I'm wanting to be able put my xvars into equal frequency bins through R and then analyse variable against my response variable in each bin which will help choose what variables I place into my logistic model. I've tried using rbin_equal_freq through package rbin but this defaults to the output of 20 bins which helps on choosing vars but preferably i'd like 5 bins. I'm new to R and modelling and any help would be good even being able to convert the tibble into 5 bins quickly and efficiently.
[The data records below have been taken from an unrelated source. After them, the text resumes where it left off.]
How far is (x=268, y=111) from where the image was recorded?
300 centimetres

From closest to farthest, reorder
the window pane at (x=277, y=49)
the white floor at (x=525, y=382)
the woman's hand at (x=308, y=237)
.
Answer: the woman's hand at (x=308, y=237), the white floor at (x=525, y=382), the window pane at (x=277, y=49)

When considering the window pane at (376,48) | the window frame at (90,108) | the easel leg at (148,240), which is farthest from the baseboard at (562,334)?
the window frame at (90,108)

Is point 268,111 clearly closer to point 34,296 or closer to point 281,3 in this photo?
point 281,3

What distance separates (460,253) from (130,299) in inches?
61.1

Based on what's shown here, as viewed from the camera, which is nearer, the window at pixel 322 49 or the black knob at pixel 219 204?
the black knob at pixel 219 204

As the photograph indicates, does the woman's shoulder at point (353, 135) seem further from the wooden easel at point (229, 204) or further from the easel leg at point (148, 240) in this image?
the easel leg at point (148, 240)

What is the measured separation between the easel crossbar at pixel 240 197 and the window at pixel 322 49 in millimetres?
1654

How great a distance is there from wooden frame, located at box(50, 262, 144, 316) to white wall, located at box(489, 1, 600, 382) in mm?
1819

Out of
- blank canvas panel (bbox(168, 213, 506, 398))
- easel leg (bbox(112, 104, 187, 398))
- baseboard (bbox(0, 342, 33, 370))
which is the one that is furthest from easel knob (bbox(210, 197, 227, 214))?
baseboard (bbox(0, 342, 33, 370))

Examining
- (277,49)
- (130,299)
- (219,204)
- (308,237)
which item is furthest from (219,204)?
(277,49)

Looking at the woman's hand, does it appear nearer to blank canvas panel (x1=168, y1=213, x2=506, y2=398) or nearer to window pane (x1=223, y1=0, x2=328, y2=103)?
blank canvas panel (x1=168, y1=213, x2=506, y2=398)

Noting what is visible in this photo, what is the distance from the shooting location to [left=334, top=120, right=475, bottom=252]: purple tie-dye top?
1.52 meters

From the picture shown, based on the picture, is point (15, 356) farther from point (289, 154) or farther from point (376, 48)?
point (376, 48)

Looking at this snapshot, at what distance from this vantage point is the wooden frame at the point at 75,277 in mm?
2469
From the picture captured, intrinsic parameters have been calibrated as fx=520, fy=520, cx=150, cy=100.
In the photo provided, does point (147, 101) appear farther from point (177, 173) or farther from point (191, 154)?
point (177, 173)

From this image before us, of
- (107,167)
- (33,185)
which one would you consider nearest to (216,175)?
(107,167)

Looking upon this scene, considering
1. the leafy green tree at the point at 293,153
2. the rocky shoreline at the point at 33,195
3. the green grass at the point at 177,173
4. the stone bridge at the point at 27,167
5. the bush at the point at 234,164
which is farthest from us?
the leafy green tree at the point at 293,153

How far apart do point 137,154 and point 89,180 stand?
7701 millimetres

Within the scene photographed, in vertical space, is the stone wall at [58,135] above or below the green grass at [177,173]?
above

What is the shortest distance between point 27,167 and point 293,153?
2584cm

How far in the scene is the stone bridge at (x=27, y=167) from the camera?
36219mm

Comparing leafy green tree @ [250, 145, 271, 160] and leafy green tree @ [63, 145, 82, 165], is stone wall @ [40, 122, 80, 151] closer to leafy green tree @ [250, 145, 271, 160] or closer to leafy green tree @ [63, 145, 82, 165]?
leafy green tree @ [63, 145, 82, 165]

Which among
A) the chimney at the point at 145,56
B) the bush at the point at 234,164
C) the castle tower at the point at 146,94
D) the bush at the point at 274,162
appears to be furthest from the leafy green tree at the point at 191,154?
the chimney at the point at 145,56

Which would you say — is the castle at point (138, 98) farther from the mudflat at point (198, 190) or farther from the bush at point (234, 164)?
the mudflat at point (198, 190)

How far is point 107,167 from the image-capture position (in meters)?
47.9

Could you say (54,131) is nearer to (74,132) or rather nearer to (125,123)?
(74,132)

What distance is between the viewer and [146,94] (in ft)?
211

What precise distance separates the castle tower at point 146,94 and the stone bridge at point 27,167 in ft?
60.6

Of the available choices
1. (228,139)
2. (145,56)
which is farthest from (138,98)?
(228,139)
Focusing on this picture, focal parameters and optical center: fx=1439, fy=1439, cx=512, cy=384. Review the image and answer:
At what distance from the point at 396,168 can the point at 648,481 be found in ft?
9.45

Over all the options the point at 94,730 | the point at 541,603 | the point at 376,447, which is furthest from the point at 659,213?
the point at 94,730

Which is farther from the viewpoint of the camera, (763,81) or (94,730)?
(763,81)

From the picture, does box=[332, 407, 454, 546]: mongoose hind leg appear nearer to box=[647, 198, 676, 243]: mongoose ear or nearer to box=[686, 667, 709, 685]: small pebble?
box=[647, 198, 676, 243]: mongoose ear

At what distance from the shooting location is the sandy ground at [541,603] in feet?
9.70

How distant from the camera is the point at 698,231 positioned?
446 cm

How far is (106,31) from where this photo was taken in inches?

rbin_equal_freq(df, y, x, bins = 5).
Output:
lower_cut upper_cut bin_count good bad good_rate woe iv entropy
<dbl> <dbl> <int> <int> <int> <dbl> <dbl> <dbl> <dbl>
1 -12.3 -6.97 33 0 33 0 Inf Inf NaN
2 -6.86 -5.15 33 1 32 0.0303 1.43 0.0602 0.196
3 -5.12 -4.09 33 2 31 0.0606 0.709 0.0192 0.330
4 -4.04 -3.18 33 1 32 0.0303 1.43 0.0602 0.196
5 -3.15 -2.62 33 2 31 0.0606 0.709 0.0192 0.330
6 -2.55 -1.99 33 3 30 0.0909 0.270 0.00331 0.439
7 -1.98 -1.32 33 4 29 0.121 -0.0513 0.000135 0.533
8 -1.30 -0.878 33 4 29 0.121 -0.0513 0.000135 0.533
9 -0.878 -0.478 33 2 31 0.0606 0.709 0.0192 0.330
10 -0.463 -0.0775 33 3 30 0.0909 0.270 0.00331 0.439
11 -0.0775 0.447 33 1 32 0.0303 1.43 0.0602 0.196
12 0.449 1.05 33 4 29 0.121 -0.0513 0.000135 0.533
13 1.05 1.65 33 3 30 0.0909 0.270 0.00331 0.439
14 1.65 2.32 33 5 28 0.152 -0.310 0.00542 0.614
15 2.32 2.96 33 2 31 0.0606 0.709 0.0192 0.330
16 2.96 3.59 33 5 28 0.152 -0.310 0.00542 0.614
17 3.62 4.73 33 6 27 0.182 -0.528 0.0171 0.684
18 4.75 5.98 33 8 25 0.242 -0.893 0.0555 0.799
19 5.99 8.12 33 8 25 0.242 -0.893 0.0555 0.799
20 8.13 16.4 29 12 17 0.414 -1.68 0.217 0.978
I've also used different functions created on here to try and create equal frequency bins but am struggling being unfamiliar to the language, so any suggestions would be greatly appreciated.